The Freedom of Information Bill 2000 was introduced in the parliament on 25th July 2000, there have been earlier instances where a proposition of the similar subject has been moved into the house, and this traces back to as early as in 1966 when the Press Council of India prepared the draft bill in order to secure the right to information then again in 1997 The Institute of Rural Development, Hyderabad also prepared a bill, both these bill had initiated a debate on the national level and a working group was constituted which was to look in to the validity and the constitutionality of the bill. The report of this working group recommended that the right to information is not only feasible but also vital. The Working Group recommended that the bill should be named as Freedom of Information Bill as the Right to Information has already been judicially recognized as a part of the fundamental right to free speech and expression.

Article 19(1) (a) of the Constitution guarantees the fundamental rights to free speech and expression. The prerequisite for enjoying this right is knowledge and information. The absence of authentic information on matters of public interest will only encourage wild rumours and speculations and avoidable allegations against individuals and institutions. Therefore, the Right to Information becomes a constitutional right, being an aspect of the right to free speech and expression which includes the right to receive and collect information. This will also help the citizens perform their fundamental duties as set out in Article 51A of the Constitution. A fully informed citizen will certainly be better equipped for the performance of these duties. Thus, access to information would assist citizens in fulfilling these obligations.
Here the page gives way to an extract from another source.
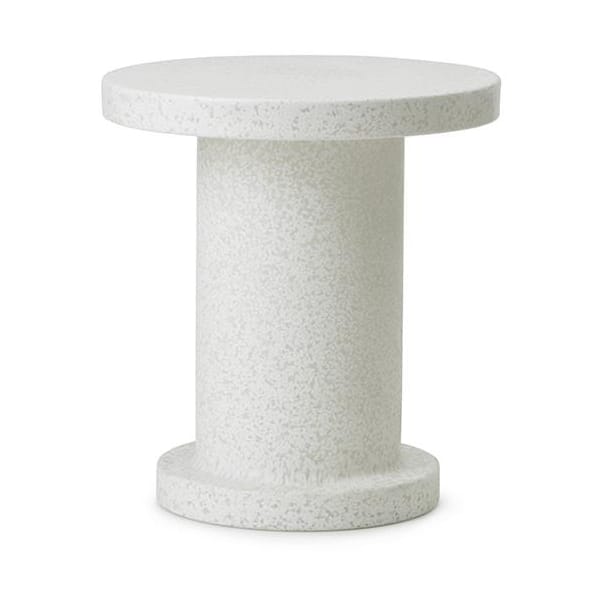 Mesa auxiliar Bit, Blanco Normann Copenhagen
The Freedom of Information Bill 2000, stated mainly of access to the information by the public in almost all the governmental proceedings, it was proposed mainly in order to secure transparency in the government. In the democracy the best form of government or the good government is possible with the utmost level of transparency. National Stability is achieved when the public has full faith in their representatives because in the past 55 years of democracy in India, it has witnessed certain major ups and downs and one of the major cause of this was due to lack of transparency.
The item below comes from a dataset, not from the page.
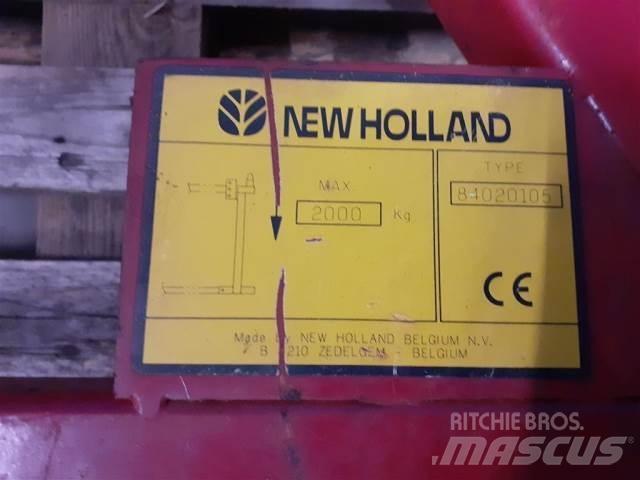 New Holland FX38 Hooi en voedermachine accessoires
Another essential aspect that is been eating up our country politically, socially and economically is the increasing level of corruption, now-a-days even a peon is corrupt, this however does not imply that due to passing of the bill of the right to information would reduce the quantum of corruption at all levels but it definitely reduce the quantum of corruption at the higher levels because though corruption at all level is harmful but then the magnitude of corruption differs at different levels and the magnitude is much higher at the high levels. Of recent the Taj corridor scam including the Chief Minister, the Cabinet Minister (of the state), and high officials of the state government of a particular state were involved in the misappropriation of amount running into hundreds of crores. All this took place due to lack of transparency and the general public and the other concerned authorities were devoid of any information and nor that this has been the only scam in the history of our country, there have been various scams and most of them have been tried and have not seen the light of the day.

The Right to Information has already received judicial recognition as a part of the fundamental right to free speech and expression. An Act is needed to provide a statutory frame work for this right. This law will lay down the procedure for translating this right into reality.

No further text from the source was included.